Indeed, combating corruption in the judiciary may call for long term reform measures, requiring several amendments to the constitution and other laws regulating the judiciary. Certainly, it will be necessary to strengthen the role of the Independent Corrupt Practises and other related Offences Commission (ICPC) and the Economic and Financial Crimes Commission (EFCC) in policing and investigating corruption in the judiciary. The powers, roles, effectiveness and efficiency of the key institutions of the judiciary must be reviewed and appropriate changes carried out. These institutions include the National Judicial Council (NJC), the Federal Judicial Service Commission (FJSC) and the National Judicial Institute (NJI). These should be restructured and repositioned to improve on their capacities to meet the constitutional principles and values of the judiciary. This implies that the rule of law, not the rule of the judge, must prevail. It also implies that justice must not be available to the highest bidder.
In recent times, several measures have been taken by the National Judicial Council (NJC) to punish erring members of the Bench. However, such punitive measures have been limited to retirement. An example is the case involving Justice Lawal Hassan Gummi previously of the Federal High Court, Abuja. The NJC at its 63rd meeting held on July 17 and 18, 2013 accepted the findings and recommendations of its committee that investigated a petition against Gummi. The committee had established that Gummi interfered with the execution of the judgment delivered by Justice Jude Okeke in a suit between Nestello Gateway Group and Alhaji Abdul’aziz Abubakar Yari, a former National Assembly member who is the current governor of Zamfara State. The council found the interference by Gummi “most unethical and reprehensible” and proceeded to pronounce him guilty of gross misconduct on the grounds that he violated the code of conduct for judicial officers of the Federal Republic of Nigeria.

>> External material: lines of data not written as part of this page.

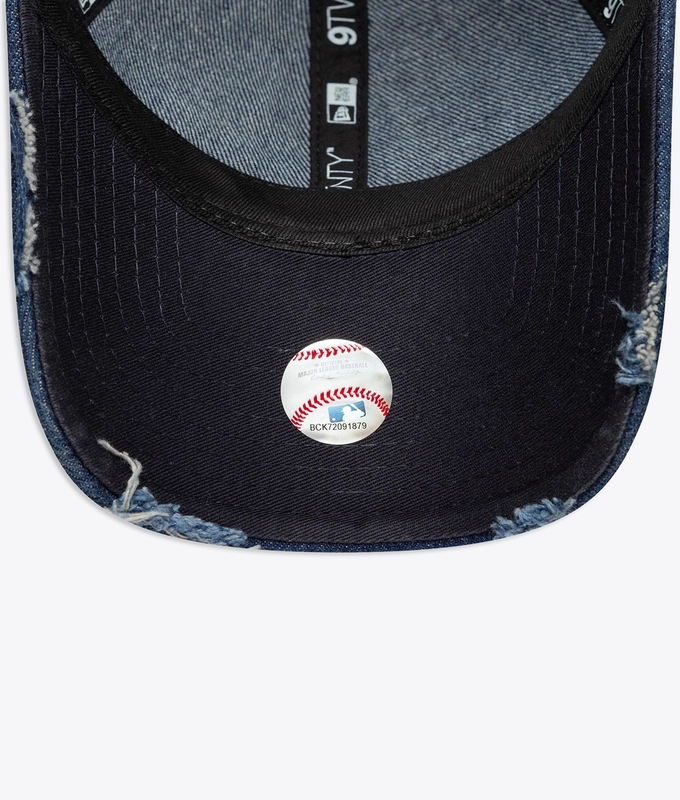 9TWENTY DENIM DISTRESS NEW YORK YANKEES CAP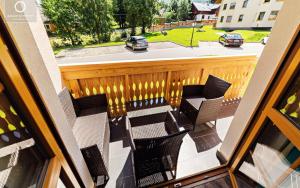 Balkón nebo terasa v ubytování Wonder Home - Apartamenty w spokojnej okolicy, z widokiem na góry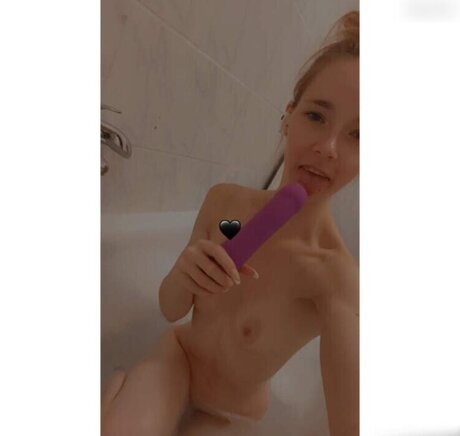 asian blonde onlyfans sexy nude picture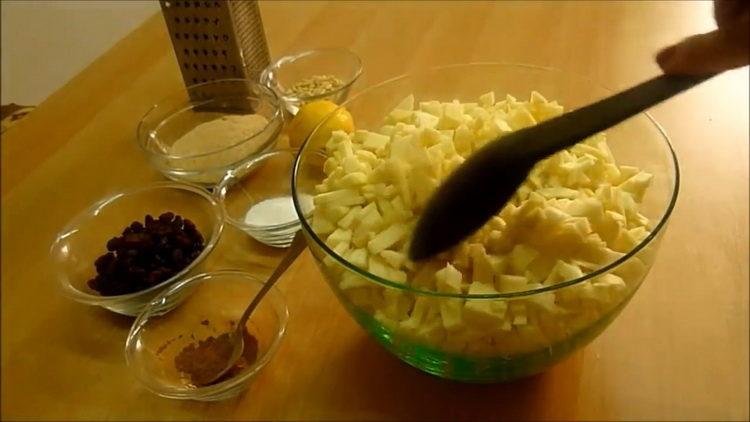 Jablka nakrájejte na pečení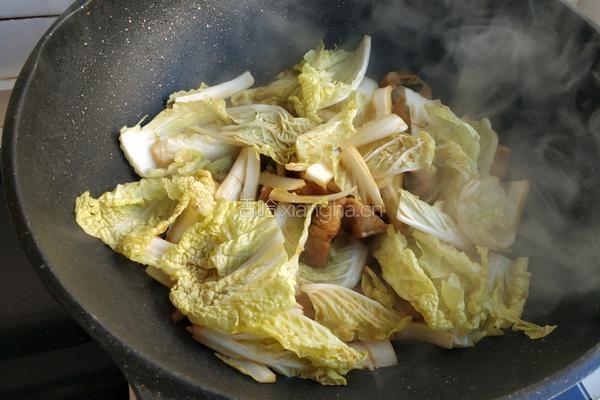 娃娃菜五花肉炖干豆腐的做法图解9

However, after finding Gummi guilty of gross misconduct, the council decided not to recommend his removal from office because he had already voluntarily retired from service. It thereafter issued a warning that “henceforth, any similar misconduct by any judicial officer in the Federation will be visited with severe sanction.”

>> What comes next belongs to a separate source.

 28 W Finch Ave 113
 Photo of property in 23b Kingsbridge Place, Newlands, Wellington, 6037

The argument that Gummi’s voluntary retirement prevented the NJC from recommending his removal from office is curious.
The council said it lacked the power to sanction him because he had voluntarily left the Bench to serve as the traditional ruler of his people. Where is the deterrence effect when a judicial officer, after an act of gross misconduct, can go scot-free? It has become the standard practice for judges to be summarily retired after grievous misdeeds. To simply ask a public officer who has abused public trust to ‘go and sin no more’ makes nonsense of the crusade against corruption. A pre-emptive voluntary retirement cannot obliterate an act of gross misconduct committed by an officer who has abused his office nor can relieving judges of their duties, if found culpable of corruption, and allowing them to thereafter enjoy their loot, be acceptable.

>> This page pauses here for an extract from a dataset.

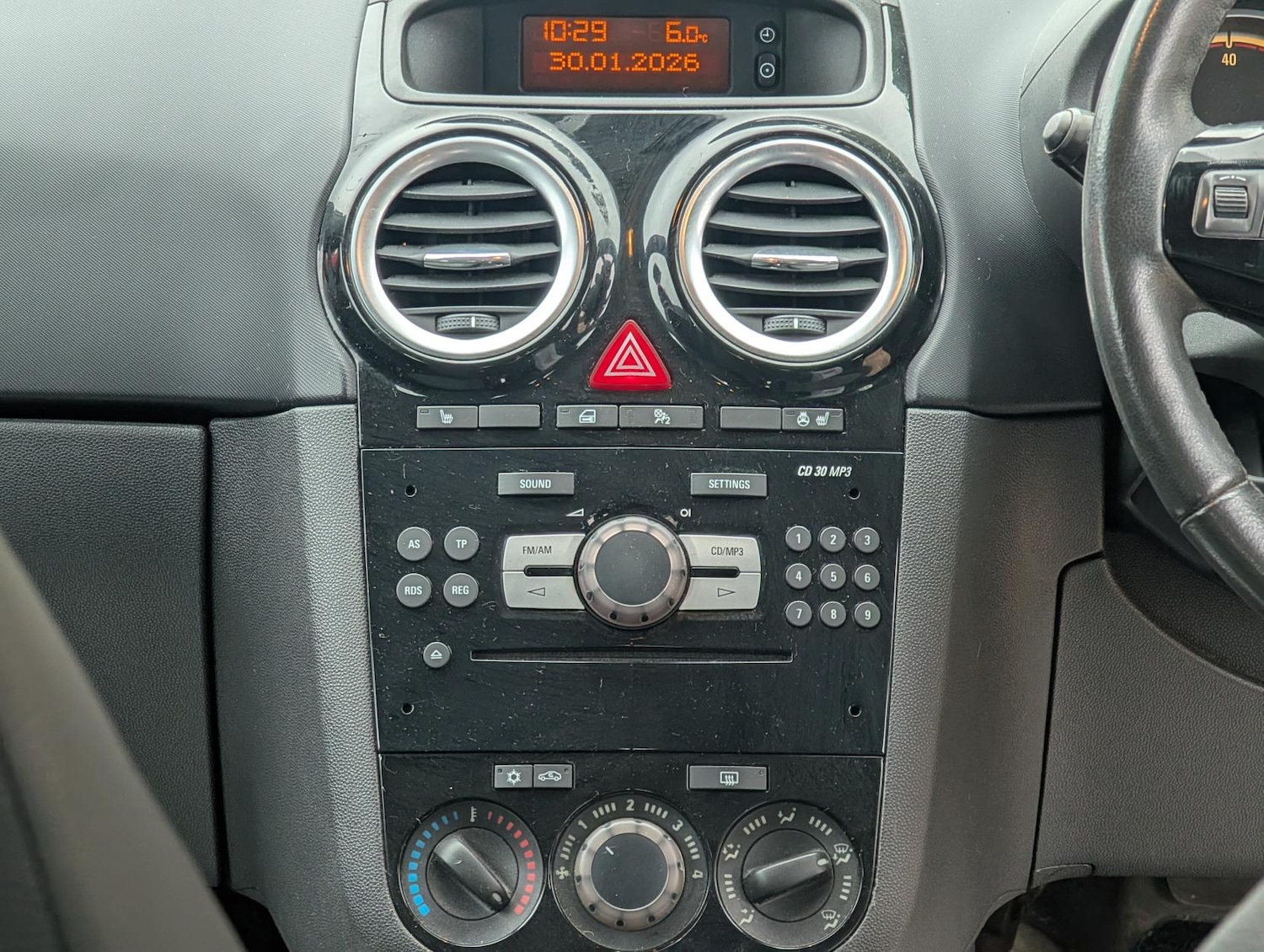 Used Vauxhall Corsa 2010 for sale - 77381186: Photo 13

Reducing corruption in the justice sector would make it more likely that corrupt individuals in other sectors would be prosecuted and punished. This would raise the cost of corruption and discount the rewards derivable therefrom. Taking steps against corruption in the justice system is an essential step in dealing with corruption in the larger society. But the current practice of using mere retirement as punitive measure cannot help to clean the Augean stables in the judiciary. Judges found guilty of corruption must be made to face the full wrath of the law. They must be prosecuted and punished according to the prescribed laws if trust in the criminal justice system is to be regained. The consequences of an egregiously corrupt judicial system are better left to the imagination.